Thursday, June 02, 2011

Love Wins The Day

A military friend I've flirted, argued with, and defended for years in the comments section of Blonde Sagacity, lost a friend of his who had served two tours in Iraq to suicide a few weeks ago.  I can't adequately describe how good his writing is on the subject, so I'm just going to link it.


This is real life. It's not a screenplay. It's not politics. This is the ugliness we all fight to keep at bay.  It's why we stay up until 3 am playing video games. It's why we inject poison into our faces.  It's why we email pictures of our junk to 21 year olds.  Sometimes we're stupid. Sometimes the ugliness wins. But we fight on. We mourn the ones who make it real and we fight desperately on.

When Charles died, I thought the ugliness had won again. It had snatched the best of us.  Someone brave and strong and joyful and good.  I felt the same way after my father died.  But I was weak then and young and stupid. Too much responsibility and no skills for it.  Circumstance after circumstance seemed to set me back more and more until finally I met a nice guy named Jethro and made a couple of babies.

When Charles died, I found myself pounding the stairs in anticipation of that great and terrible pain that was sure to follow.  I ran out the door and into the street because I knew what that pain was and how much it was going to hurt. I tried to cry and get it out of the way before that searing, tearing agony reached my lungs. Dry sobs that felt like the desert. The ugliness.

Then I found Jethro. Again. I stopped and the pain came.  But gently this time. We held each other. We still loved each other.  We went to see our friends.  The barrier our love created for the two of us expanded. We still loved our friends. They still loved us. We beat back the ugliness.  We beat it away from each other. We beat it away from our memories of Charles.  We held onto each other and wouldn't let the ugliness in.

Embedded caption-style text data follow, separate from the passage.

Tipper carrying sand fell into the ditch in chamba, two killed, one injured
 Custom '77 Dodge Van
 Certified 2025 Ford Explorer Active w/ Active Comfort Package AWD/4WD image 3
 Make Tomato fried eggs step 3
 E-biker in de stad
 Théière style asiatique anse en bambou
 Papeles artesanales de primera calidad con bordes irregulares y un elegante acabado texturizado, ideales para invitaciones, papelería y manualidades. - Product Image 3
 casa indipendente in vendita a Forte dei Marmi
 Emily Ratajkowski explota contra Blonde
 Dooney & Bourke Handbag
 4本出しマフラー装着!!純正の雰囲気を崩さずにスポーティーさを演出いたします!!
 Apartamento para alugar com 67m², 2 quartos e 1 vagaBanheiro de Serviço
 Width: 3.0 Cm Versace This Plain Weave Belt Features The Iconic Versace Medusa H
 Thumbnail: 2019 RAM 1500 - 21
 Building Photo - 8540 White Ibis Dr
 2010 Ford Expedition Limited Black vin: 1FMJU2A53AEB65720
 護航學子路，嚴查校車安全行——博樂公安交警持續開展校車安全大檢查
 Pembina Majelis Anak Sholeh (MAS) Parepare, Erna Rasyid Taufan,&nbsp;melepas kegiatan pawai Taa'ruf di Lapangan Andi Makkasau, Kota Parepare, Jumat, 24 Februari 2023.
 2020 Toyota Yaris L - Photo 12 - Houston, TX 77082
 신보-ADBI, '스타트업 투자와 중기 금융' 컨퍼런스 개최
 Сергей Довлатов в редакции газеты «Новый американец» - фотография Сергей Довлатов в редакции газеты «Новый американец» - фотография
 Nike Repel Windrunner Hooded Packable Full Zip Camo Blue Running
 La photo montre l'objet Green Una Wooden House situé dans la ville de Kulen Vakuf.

I remember once when we were freshmen in college.  It was the end of our first year and we were all gathered in Charles' dorm room to drink the horrible wine made by the chemistry majors for one of their projects. 20 people in a little bitty dorm room is not going to go unnoticed by the powers that be and we were interrupted in pretty short order by the glorified hall monitors.  We'd had a small practice drill at Charles' urging and we collectively managed to hide the bottles on our persons so that they could not be found.  The glorified hall monitors searched every place they were allowed to and found a small bottle of Everclear and 2 cans of beer in the tiny little dorm fridge.  Everyone stayed completely mute and let Charles do the talking, since it was his room.  After they left with their sad little confiscations, we were exuberant.  Giddy, even.  We still had the goods.  Charles looked admiringly at the group of us and complimented everyone on their presence of mind and coolness under pressure.  I like to think he would have felt the same way if he could have seen all of us at the funeral and other events that have taken place since.  Not that we were cool, exactly, but we stuck together.  We wouldn't let the ugliness take our wine, and we wouldn't let the ugliness take our love.

And this was the great difference.  When my father died, I had no one except histrionic relatives, younger sisters who believed our father would come back to life, and a mother who had just had her world destroyed.  The ugliness had easy targets.

But love is the bayonet and we all became stronger.

Things are better now in my family simply because we love each other and it's amazing. I never thought it would be good again, but it is. It was a struggle, but we all kept bayonetting and now things are beautiful. Imperfect as always, but beautiful.